By the way, right off the bat, I'm thrown by one thing: Speed $\left (\text{i.e.}, ~ v(t) = || \boldsymbol{v}|| \right)$ is a scalar. So shouldn't $\frac{d}{dt}v(t) = 0$?

Anyway, $ \text{velocity} = \boldsymbol{v}(t) = \alpha'(t) = (x'(t), y'(t), z'(t))$ and $ \text{acceleration} = \boldsymbol{a}(t) = \alpha''(t) = (x''(t), y''(t), z''(t))$

But I don't see how the dot product of the two $(x'(t)x''(t) + y'(t)y''(t) + z'(t)z''(t))$ would equal speed times its own derivative $\sqrt{x'(t) + y'(t) + z'(t)} * \frac{(x'(t) + y'(t) + z'(t))^{-1/2}}{2}$.

What is the correct approach to this proof?

Answer 1

Let $v=v(t)=||\boldsymbol{v}||$, we have

$$\boldsymbol{v}\cdot\boldsymbol{a}=\boldsymbol{v}\cdot \frac{d\boldsymbol{v}}{dt}=\frac12\frac{d}{dt}(\boldsymbol{v}\cdot\boldsymbol{v})=\frac12\frac{dv^2}{dt}=\frac12\cdot2vv'=vv'$$

Answer 2

Regarding the statement that threw you off ($\frac{d}{dt}v=0$), it is useful to point out that you wrote "$v(t)=\lVert \vec{v} \rVert$" in your question.

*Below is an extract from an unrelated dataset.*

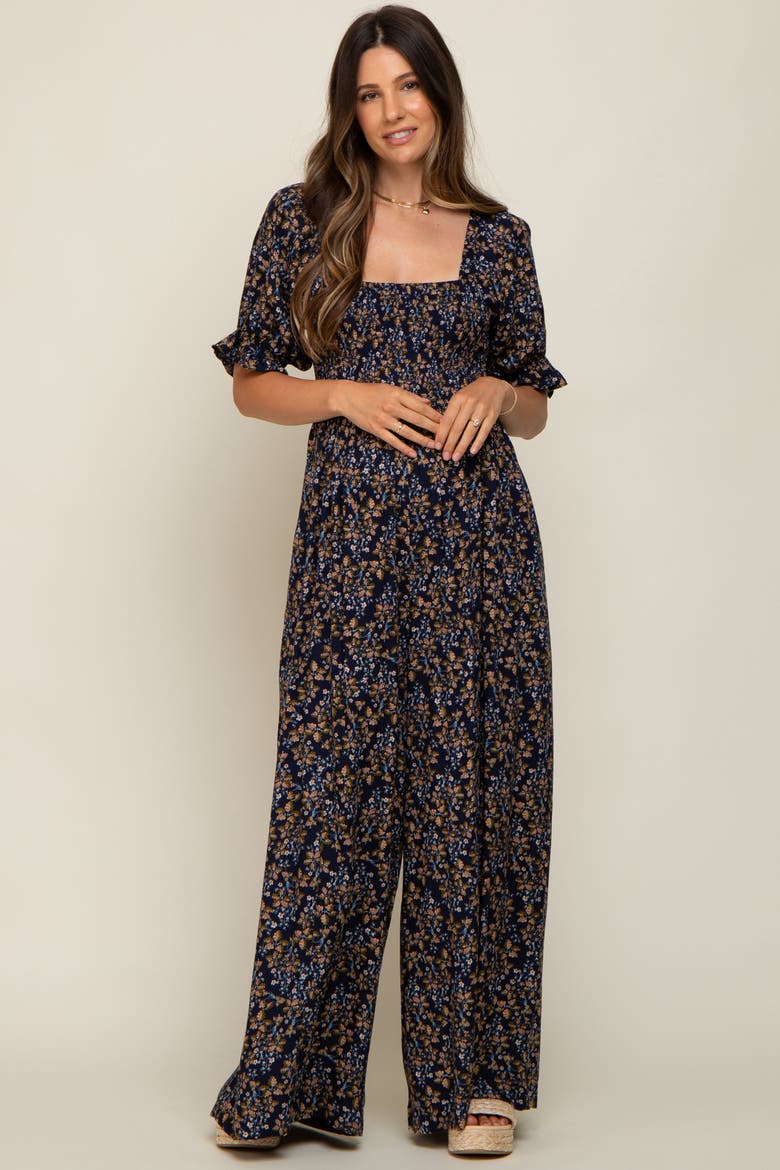 Floral Smocked Jumpsuit, Alternate, color, Navy Blue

But it might make more sense if we rewrite this as $v(t)=\lVert \vec{v}(t) \rVert$ (note the addition of the $t$), which lets us see that while yes, it is true that $v(t)$ is a scalar-valued function, the value of $v$ depends on time, $t$, and as such is not necessarily constant. If it so happens that for some real valued constant $c$, $v(t)=c$ for all values of time $t$, then you get $\frac{d}{dt}v(t)=0$. Hope this helps.